Allí se encuentra la doble generosidad, la de matar y la de regalar; la sumisión a la ley ritual; el modo como los que dominan reconocen al Poderoso, a Dios; la fuerza que éste les comunica para cometer cualquier atrocidad; el modo como anticipan el juicio Universal con infinidad de juicios particulares que le preceden. Allí se encuentra la igualdad de todos los hombres ante la fe, una igualdad cuya última consecuencia es prácticamente el derecho que los todos hombres tienen a ser matados. Allí está Dios, como asesino, que decide y manda ejecutar la muerte de cada individuo; y allí está el señor que, con la mayor ingenuidad, se afana por imitar a Dios. Allí está la orden que, de un modo claro y diáfano, exhibe siempre su carácter arcaico de sentencia de muerte; el reconocimiento religioso de todo poder que sea capaz de afirmarse – Dios lo da a quién quiere, ahora a éste, ahora a aquél – y su realización religiosa que, una y otra vez, no sirve más que para conseguir el poder.
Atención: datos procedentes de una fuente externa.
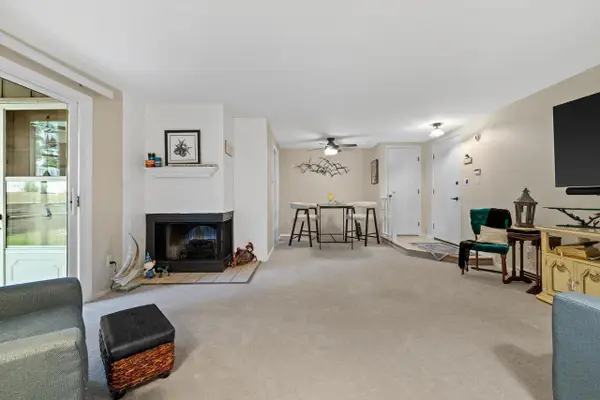 950 Woodridge COURT #5B, Lake Geneva, WI 53147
Hay una tremenda desnudez en el dominio que se ejerce en el Islam, una religión, por otra parte, que con la ley lo viste y lo cubre todo con varios velos.
Es únicamente un dominio sobre hombres, un dominio que llega a su máximo esplendor en las grandes ciudades, en las ciudades cosmopolitas. La época del sometimiento del animal pasó hace tiempo, ya no se discute; éste es solamente víctima.
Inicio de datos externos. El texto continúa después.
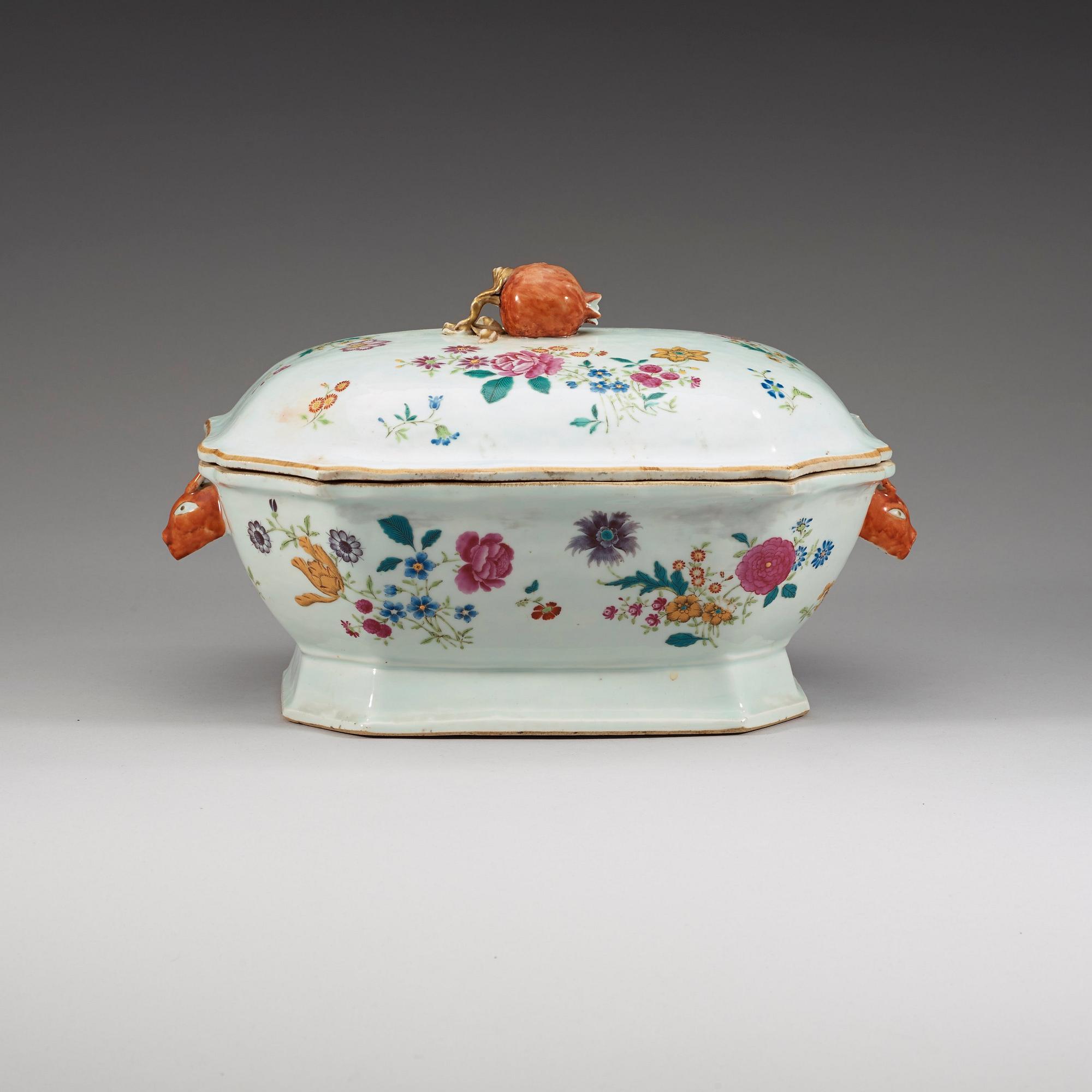 A famille rose tureen with cover, Qing dynasty, Qianlong (1736-1795).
El tono de Nietzsche tiene algo del Corán. ¡Jamás se lo hubiera ¡ido imaginar!
En el fondo, para mí ahora sólo cuentan los días en los que me dedico a alguno de los libros sagrados. Del mismo modo como antes había gente que tenía que rezar todos los días, yo tengo que meditar sobre alguno u otro de los viejos temas sagrados, como si allí tuviera que encontrar el mal que alguna vez podríamos hacernos.
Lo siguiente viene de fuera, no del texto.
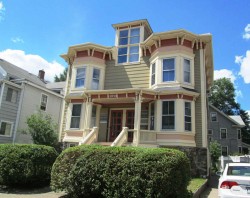 1073 Washington St, Newton, MA 02465-2118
Pero no quiero prevenir. Tampoco quiero prever el futuro. Odio a los profetas. Quiero sólo sostener lo que somos. No creo que esto se pueda encontrar ni en argumentos ni en discusiones. Pero quiero conocer todas las afirmaciones. Lo único que me interesa son las afirmaciones. Que pueden discutirse, ya lo sé. Pero quiero tener en mí todas las afirmaciones, unas al lado de otras como si estuvieran libres de toda controversia. Ya sé que no lo están y que ya no deben estarlo para nadie. Pero mi destino, mi tarea, es mantenerlas vivas dentro de mí y meditar sobre ellas.
¿Pero quién eres tú para examinar? ¿Qué te has creído? La sola inquietud no te da derecho a examinar.
Tu única justificación es tu inconmovible odio a la muerte. Es la muerte de todos y por esto examinas por todos.
Con la idea cada vez más clara de que estamos sobre un montón de muertos – hombres y animales – de que el sentimiento que tenemos de nosotros mismos saca su verdadero alimento de la suma de aquellos a quienes hemos sobrevivido, con esta intuición rápida y expansiva difícilmente va a ser posible llegar a una solución de la que no nos avergoncemos. Es imposible volver la espalda a la vida, cuyo valor y cuya esperanza estamos sintiendo continuamente. Pero también es imposible no vivir de la muerte de otras criaturas, cuyo valor y cuya esperanza no son menores que los nuestros.
La felicidad de referirse a una lejanía de la que todas las religiones del pasado se nutren tampoco puede ser ya nuestra felicidad.
El más allá está en nosotros: una grave constatación, pero está prisionero en nosotros. Esta es la gran escisión, la insalvable escisión del hombre moderno. Porque en nosotros está también la fosa común de las criaturas.